The next day came and went without Fred being able to contact “the man with the suits.” And so did the next day and all the next days afterward. As much as I hated to give up on my dream of having nice clothes to wear, I finally had to admit to myself that Fred, while charming, was about as dependable as the weather in April.
Under normal circumstances, I would have taken the first opportunity to tell him to get and stay lost. But after we had hung around together for a few weeks, he had grown on me, and I had to concede that I enjoyed being around him despite his foibles. Once I had learned never to depend on Fred, no matter what his good intentions, we got along famously, as I found him witty, resourceful, original, and utterly entertaining. As far as he was concerned, I hadn’t come empty-handed to the table either. I soon realized that he enjoyed my company because it provided him with an opportunity to share the spotlight with me whenever my exotic looks drew attention. The result was a symbiotic relationship in which each of us got his money’s worth, so to speak.

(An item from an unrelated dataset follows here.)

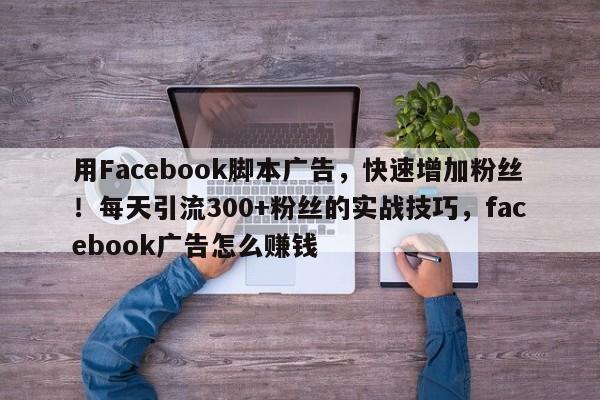 用Facebook脚本广告，快速增加粉丝！每天引流300+粉丝的实战技巧，facebook广告怎么赚钱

This was particularly true when it came to Fred’s uncanny ability to attract good-looking women. Like a general mapping war strategy, Fred never proceeded without a plan when the objective was to ensnare a beauty. On a rainy day, for instance, he would position himself with an umbrella at the entrance of an office building at just about the time the offices would close, keeping a sharp lookout for an umbrellaless damsel in distress. Once he had spotted a likely subject, he would offer to accompany her with his umbrella to the next streetcar stop or wherever she had to go. Most of the girls who accepted his offer and listened to his charming BS were also willing to see him again on a date.
Since Fred usually arranged more dates than he could possibly keep, he generously let me have my pick from the surplus. After describing the young woman and giving me the address where he was supposed to meet her, I would go there, take a look, and, if I liked what I saw, tell her that Fred had been unable to make it, and had sent me as a substitute. Rather than being stood up, they always accepted me as their ersatz date.

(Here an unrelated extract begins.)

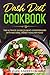 Dash Diet Cookbook: The Ultimate Guide to Beat Hypertension with Natural, Heart-Healthy Food by Michael Anderson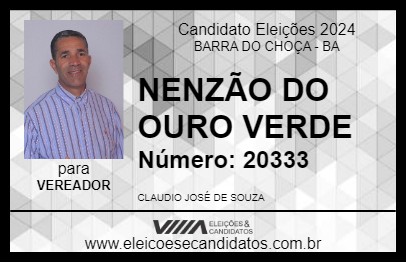 Candidato NENZÃO DO OURO VERDE 2024 - BARRA DO CHOÇA - Eleições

Even if Fred exaggerated a lot, he had been uncharacteristically modest when he told me that he had connections. Wherever we went, he was greeted by members of Hamburg’s Prominenz, including stage and screen stars, radio personalities, and other high-profile types, who remembered him from his Waterloo days. During each encounter, he generously shared his five-mark-apiece cigarettes although, as far as I could determine, he had no visible means of support.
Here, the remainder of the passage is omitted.